Articulating a consistent, authentically Jewish theory of the relationship between humans and nature is the work of an entire book (or several). Nevertheless, I think it’s important to at least acknowledge that a worldview that sees the natural world as essentially the responsibility of humankind (and I feel like I’m in good company arguing that this is an interpretation consistent with the biblical understanding of possession) is not necessarily inconsistent with a recognition of important bonds of commonality between us and our fellow creatures that create a shared ethical space within which it is possible to talk about our obligations toward other species.
As for the mourning dove and her offspring in the bicycle basket, I’m afraid that when I opened up the door the next day to bring outside a mint plant which I’d received as a present, they both got nervous and fluttered away. I’m left feeling a little bad for having bothered them, and hoping that the mother, at least, turned out alright.
2 thoughts on “Shiluach ha-Ken”
This is David Eber from the RRC weekend… I am enjoying your blog.
I agree that this passage has been mis-interpreted , to justify human separation and domination of the natural world, when it could mean responsibility for the natural world. I believe that it is mostly Christian Theologians that have pushed this more damaging interpretation of the passage though. This isn’t to deny that many of our Jewish ancestors also shared this view that humans are in some way different from/above/in control of nature, but I also think it is important to note how these individuals were profoundly more in tune with the rhythms of the natural world than we are: more traditional Shabbat observance, practicing agriculture, etc.

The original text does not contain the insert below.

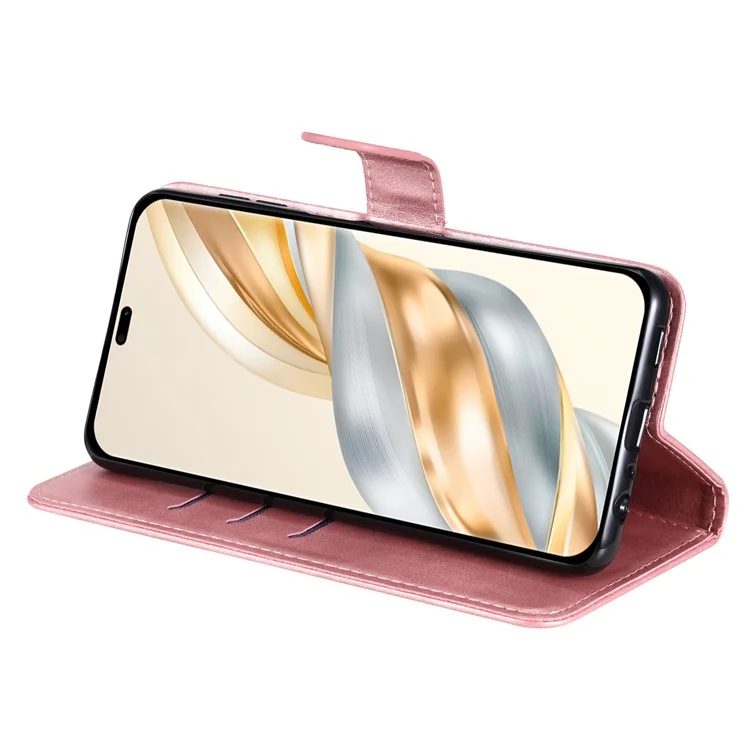 Чехол-бумажник на молнии для Honor Magic7 Lite 5G / X9c 5G / X60 Pro 5G, кожа под теленка, цвет - розовый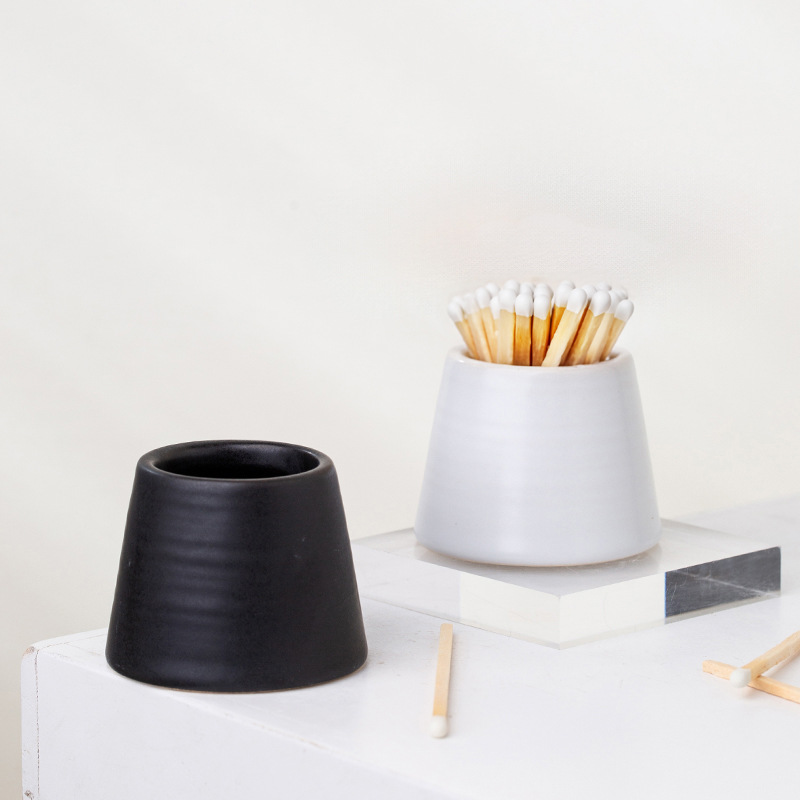 Estilo japonés retro hogar de cerámica palillo de dientes de algodón hisopo cubo partido jarra de almacenamiento caja de hilo sin tapa decoración contenedor de almacenamiento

I believe that many liberal Jews today do believe that humans and the environment aren’t separate in the way that we once thought, but I also believe that in many ways we have to “go back to the future,” to reconnect ourselves with nature in ways that our ancestors once were.
Keep up the great blogging and best of luck at RRC!
Hi David, thanks for the thoughtful reply!
I agree that there’s a lot that can be done to reconnect with an earlier side to the tradition that looks at humans as a part of nature rather than apart from it. I think a lot of progress was made on this front by the halutzim and early founders of Zionism who empasized the importance of getting back to the land as a necessary element in the revitalization of the Jewish people–though some of their approach has to be rethought in light of modern developments in environmental science.
Take care, and hope to see you again real soon!